Egypt’s antiquities have drawn visitors since classical Greek and Roman times. Four thousand years of history have done nothing to dim the sense of amazement a traveler experiences encountering Egypt for the first, or fiftieth time. A bewildering mix of medieval and modern, Egypt’s gritty realities are the stuff that stirs the imagination and fuels the desire for travel. The monuments of the Nile Valley, hubbed by Cairo, remain the centerpiece for most stays in Egypt. But any itinerary should also include Alexandria, a trek into the desert and a drive along the Red Sea.  

  • Although travelers have been visiting Egypt for centuries, in modern times it was the Thomas Cook company who initiated steamboat services on the Nile and the idea of luxury cruises on the mighty river.
  • The arid climate of the Nile Valley has ensured the preservation of its artifacts for over 4,000 years. Man, however, has been less kind, looting and destroying many of the ancient wonders: the damage to the Sphinx was wrought not by erosion and sand, but primarily by British and French soldiers using it for target practice during colonial times.
  • Cairo’s most popular tourist sights are well known. The pyramids and the Sphinx are in Giza and sit just at the edge of town, startling many first time visitors who expect to see them in the middle of the desert.

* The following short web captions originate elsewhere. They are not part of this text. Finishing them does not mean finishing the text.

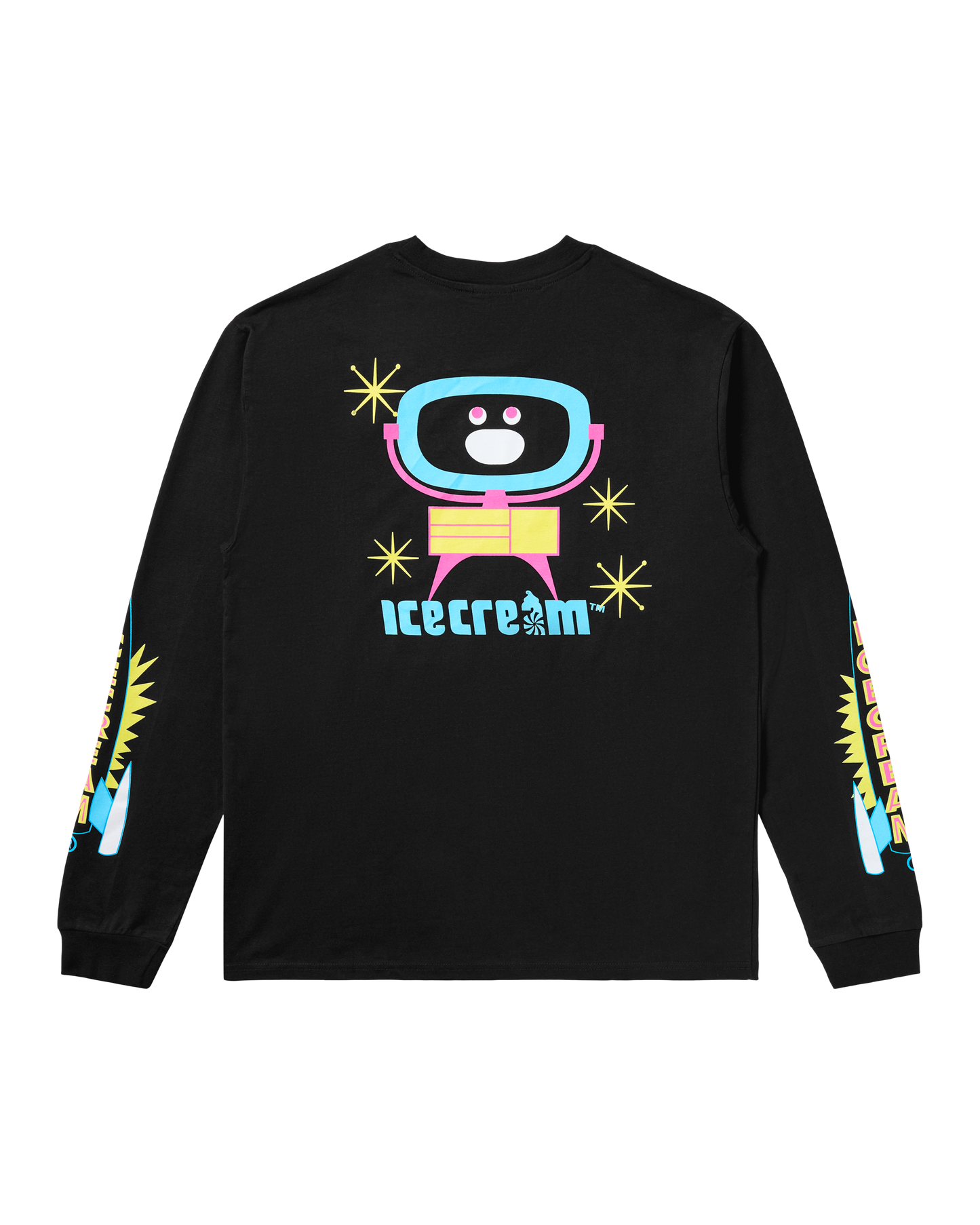 Rocket TV LS Tee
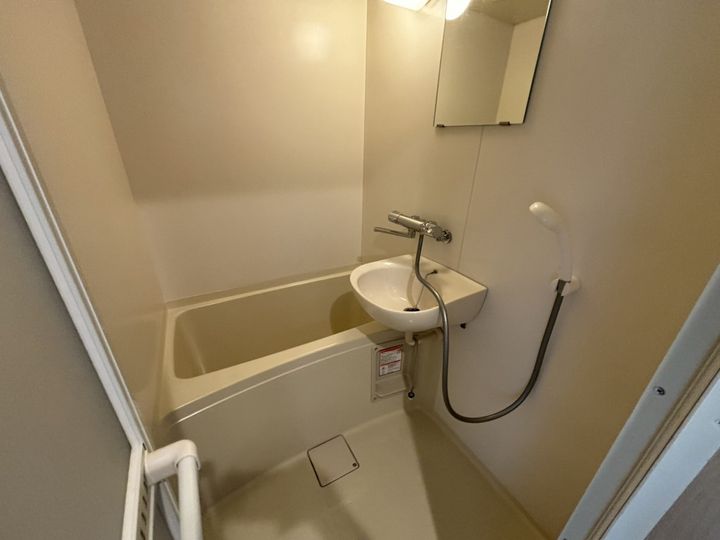 MISTRAL下手野107の風呂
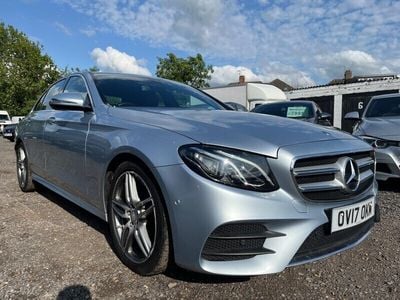 Mercedes E220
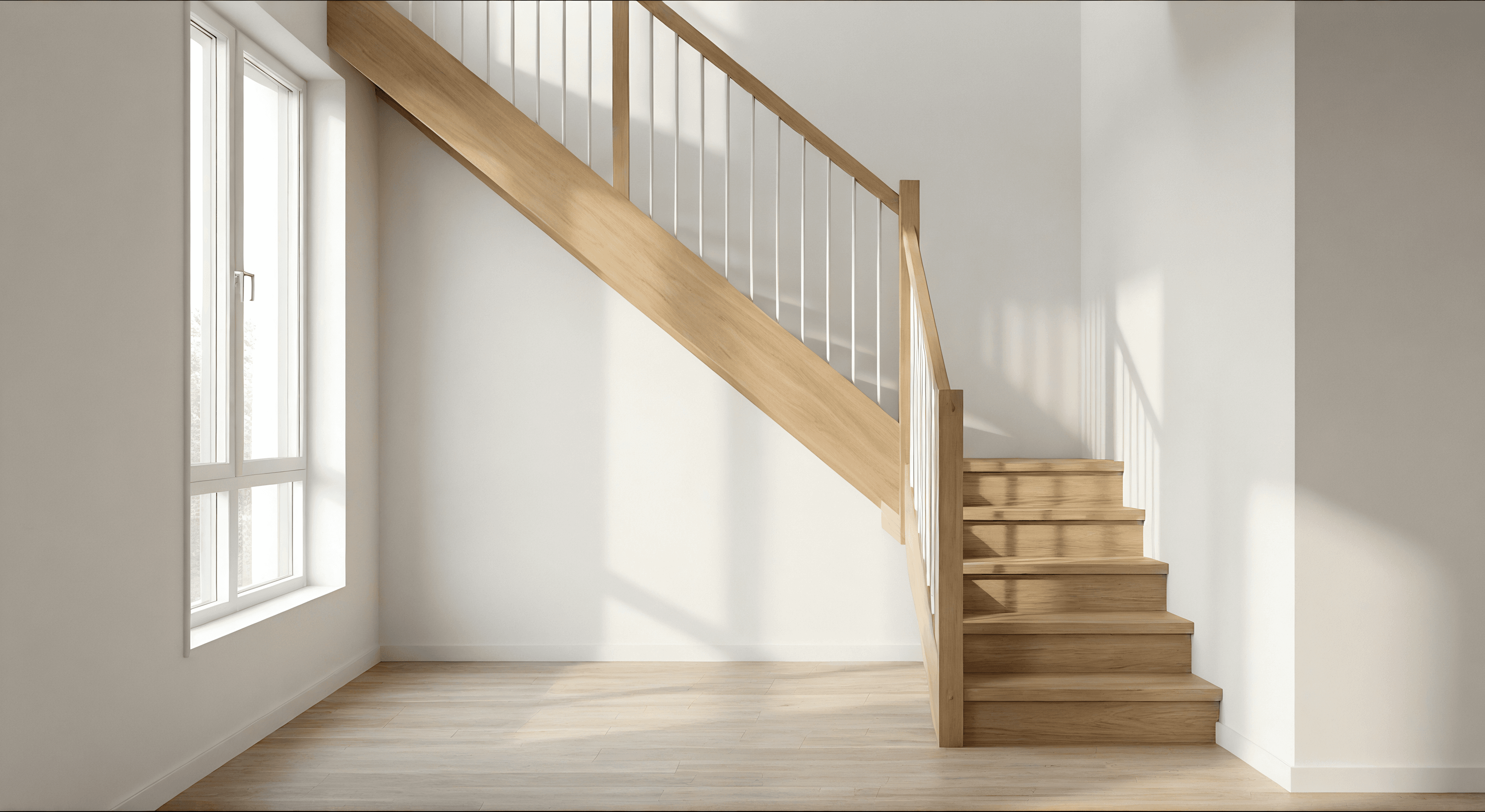 Your Staircase – Custom-Made and Affordable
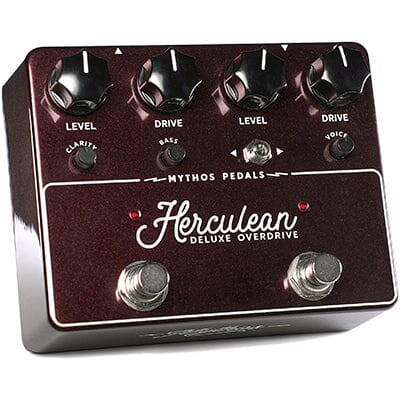 Mythos Pedals Herculean Deluxe - Image 2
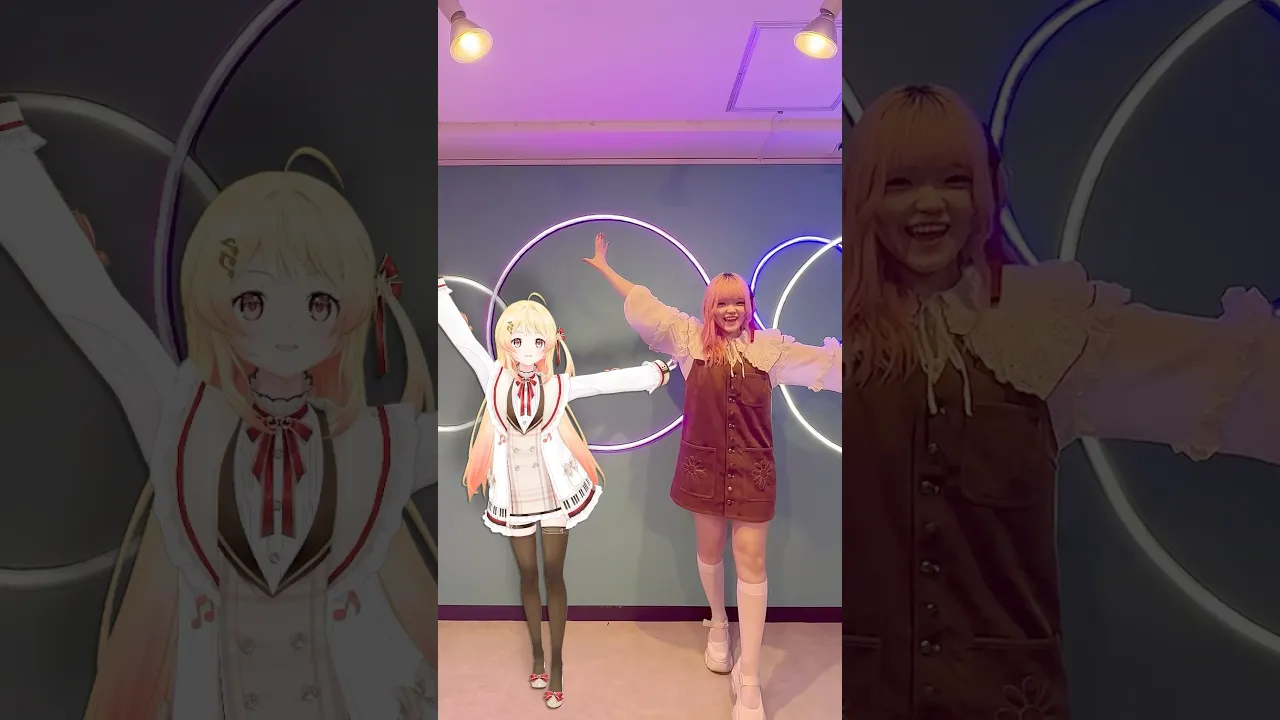 『 #GREATEST 』を振付師のまいどん先生と踊ってみた！✨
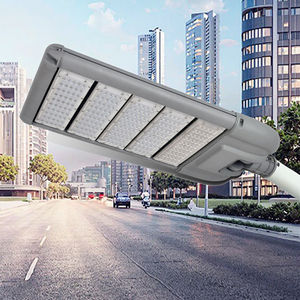 알루미늄 주택 220v 250w 400w 연석 블록 광전지 스위치 환경 사진 센서와 가로등 <span class=keywords><strong>Led</strong></span> - Product Image 1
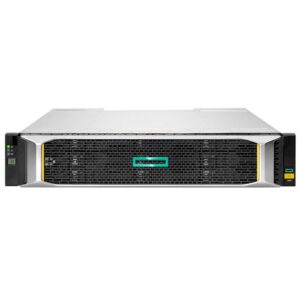 HPE 2060 10GbE iSCSI SFF Storage - Network management device - R0Q74A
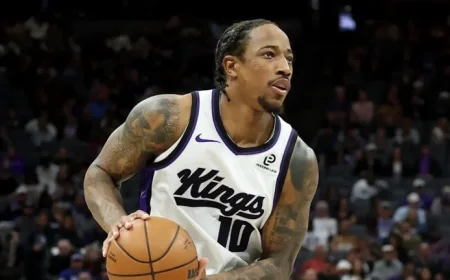 DeMar DeRozan Confirms Kings Fans’ Beliefs in Defeat to Suns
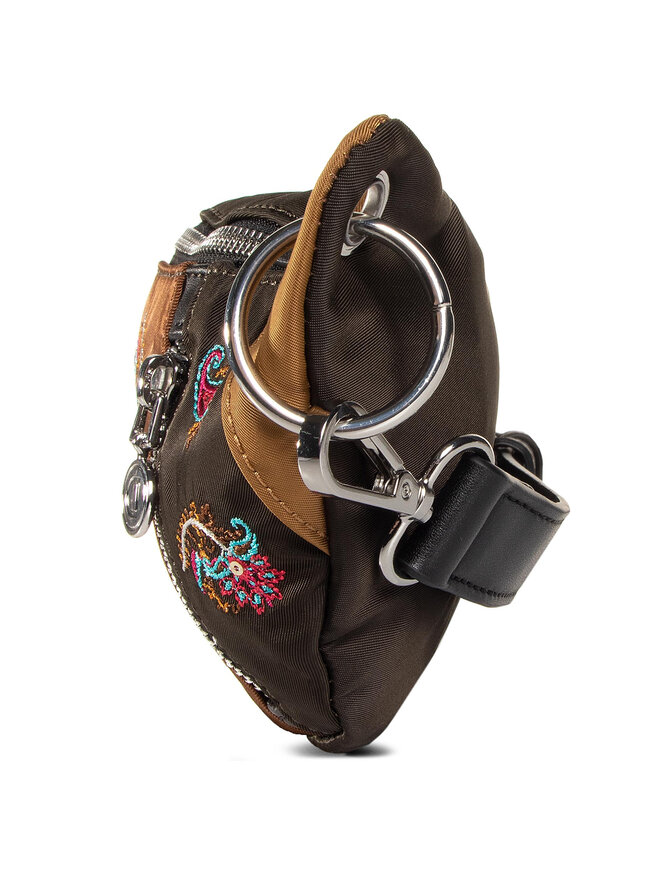 Desigual Gürteltasche﻿ Desigual 20WAXACF Braun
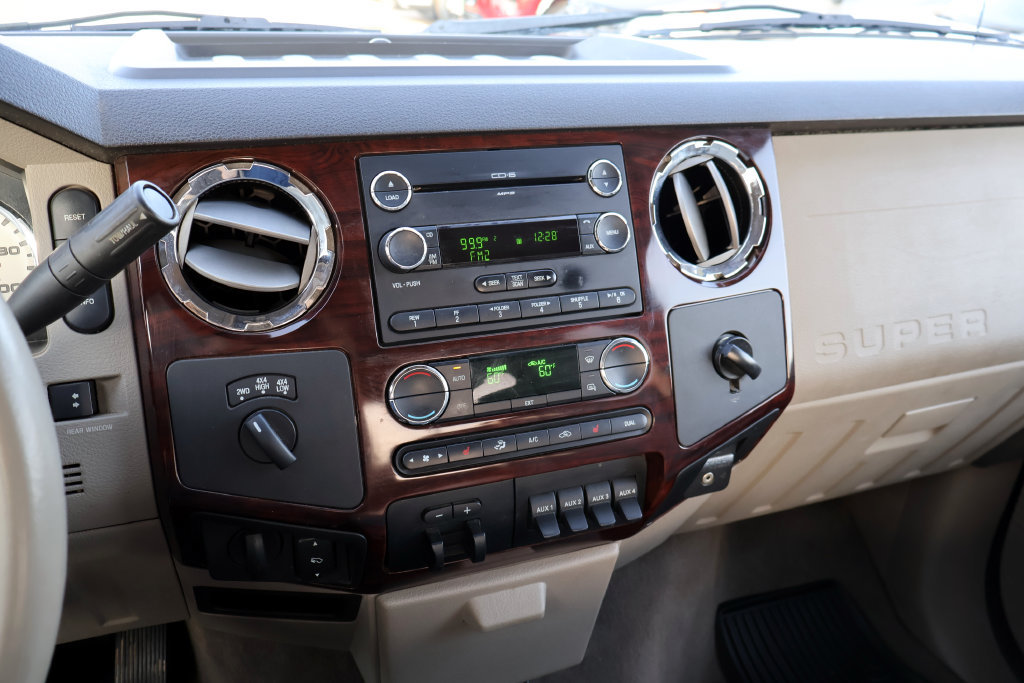 Used 2010 Ford F350 Lariat AWD/4WD image 20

  • The Egyptian Museum will command a portion of any stay in Cairo. The contents of many of the pyramids are found here, including the contents of Tutankhamen‘s (King Tut’s) tomb.
  • The Coptic Quarter in Old Cairo bears witness to an ancient form of Christianity that proceeded Islam by 400 years. Here legend says Mary and Joseph lived during the infancy of Jesus. The Coptic Orthodox Church remains highly active.
  • Two hours north by train from Cairo is Alexandria, the second-largest city in Egypt. The seaside retreat was once the home to old Alexandria’s library, the greatest repository of books in the ancient world.
  • The Khan el-Khalili market is one of the most famous shopping areas of Cairo. Bargaining is expected, and shoppers do well to be choosy. While jewelry and papyrus are popular souvenirs, the selection, and quality, varies widely from shop to shop.